Given the findings, the patient was scheduled for GKRS. However, a pre-treatment planning MRI obtained just seven days later revealed aggressive disease progression. The total lesion count had increased to six, and the three largest lesions demonstrated a mean volumetric growth of 94% (range: 51–141%), corresponding to a mean volumetric doubling time of only 7.3 days (range: 5.5–11.7 days) (Figure 5) [42].
The patient proceeded with GKRS using frame-based immobilization. All lesions were treated to a median dose of 20 Gy, prescribed to the 50% isodose line, with 100% coverage of all visible and defined tumors. A two-month follow-up MRI confirmed a successful response in the targeted lesions, which showed a mean volumetric decrease of 73% (range: 62–86%) and a corresponding increase in the mean ADC to 2344 ± 270 × 10−6 mm2/s. Despite this effective local therapy, the development of new metastases was evident, with the total intracranial lesion count rising to twelve, signifying ongoing overall disease progression (Figure 5). Unfortunately, the patient ultimately succumbed to her systemic disease burden 20 months after the diagnosis of brain metastases.
4. Discussion
Brain metastasis from ULMS is an exceptionally rare and ominous complication of a disease already known for aggressive behavior and hematogenous spread. This analysis represents the largest collection of such cases to date, providing valuable insights into the clinical presentation, radiological features, treatment patterns, and outcomes associated with this disease entity. These key findings emphasize the aggressiveness of ULMS when it involves the brain, a median survival of just five months after diagnosis, underlining the serious diagnostic and therapeutic challenges.

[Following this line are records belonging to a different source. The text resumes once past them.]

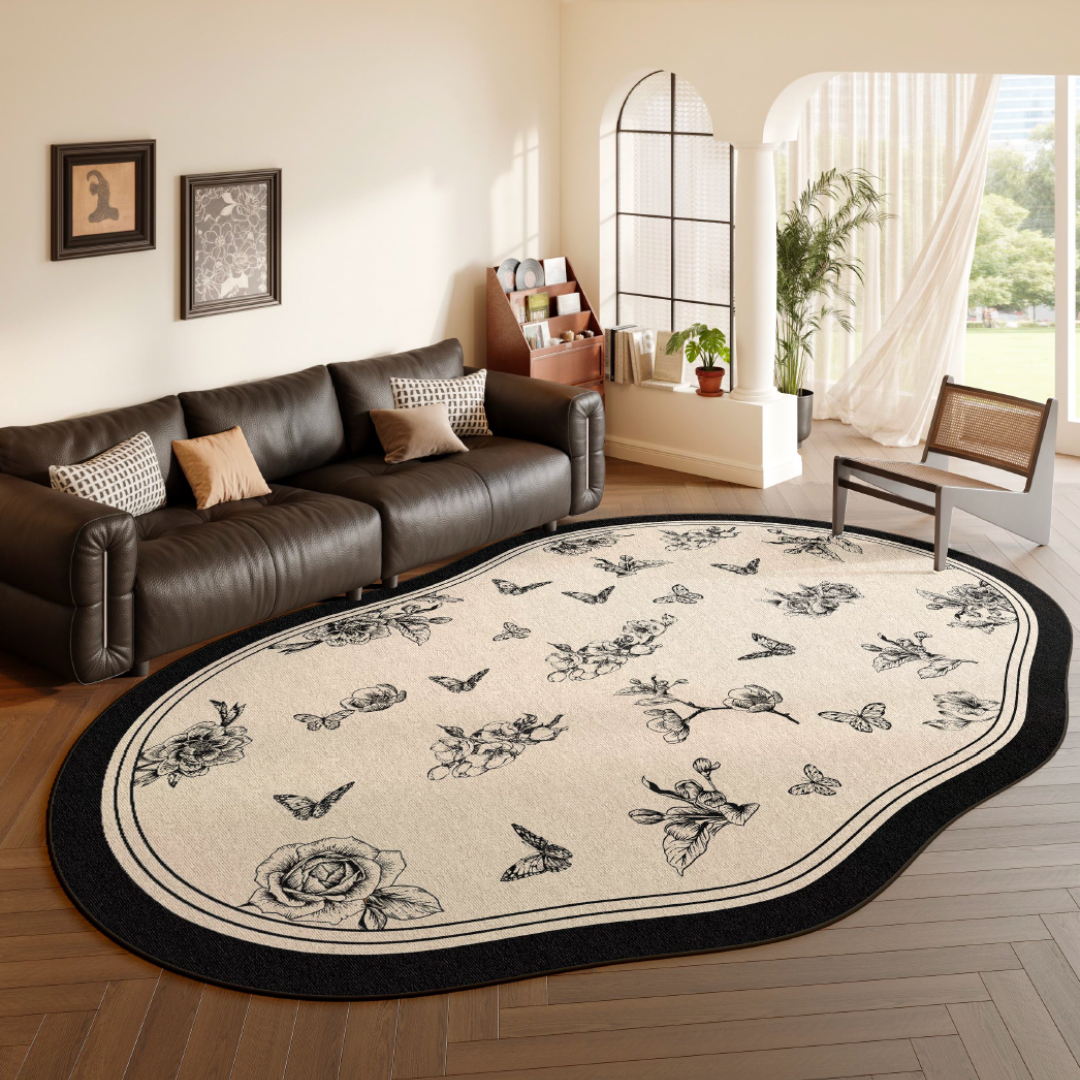 Ornella Living Rug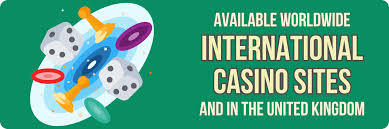 Global Online Casino Landscape Trends and Opportunities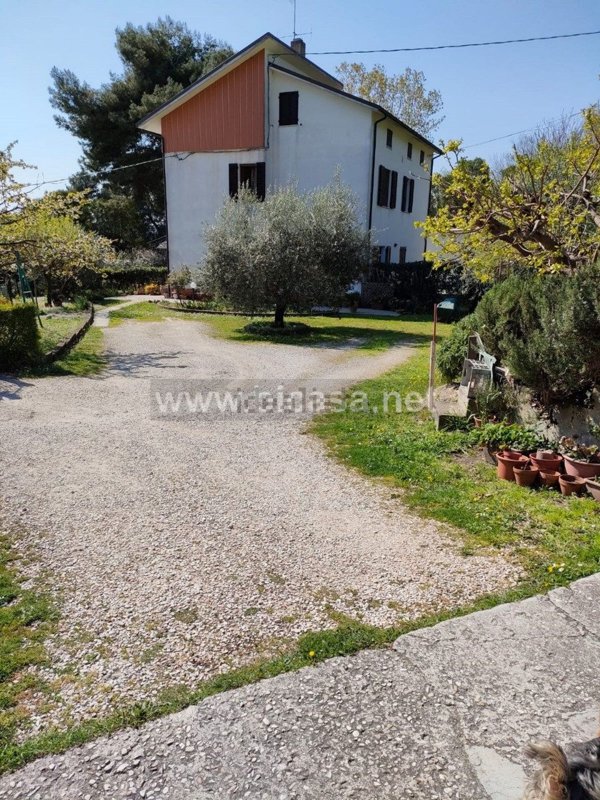 appartamento in vendita a Pesaro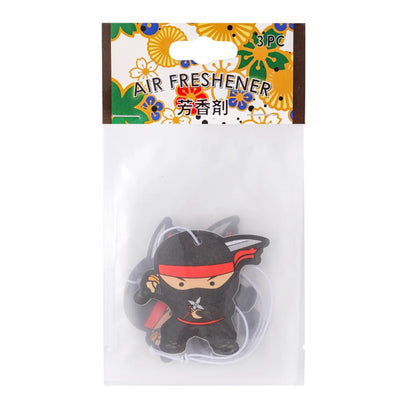 Air Freshener - 3 Pack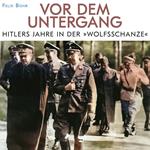 Vor dem Untergang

A critical finding from our review is the radiological profile of these metastases. The frequent presentation as homogeneously enhancing, dural-based masses on MRI and hyperdense lesions on non-contrast CT creates a significant diagnostic challenge [4,6,43]. These features can, respectively, mimic more common intracranial pathologies such as meningiomas, particularly in patients without a known primary cancer, and hemorrhagic metastases from other primary sites like melanoma, renal cell carcinoma, or choriocarcinoma [4,6,43]. This radiological ambiguity underscores the need for a high index of suspicion. Histopathological confirmation is critical for an accurate diagnosis. The high prevalence of concurrent pulmonary metastases (82.86%) in our cohort suggests that in a ULMS patient with known lung involvement, the development of new neurological symptoms should immediately prompt investigation for intracranial spread.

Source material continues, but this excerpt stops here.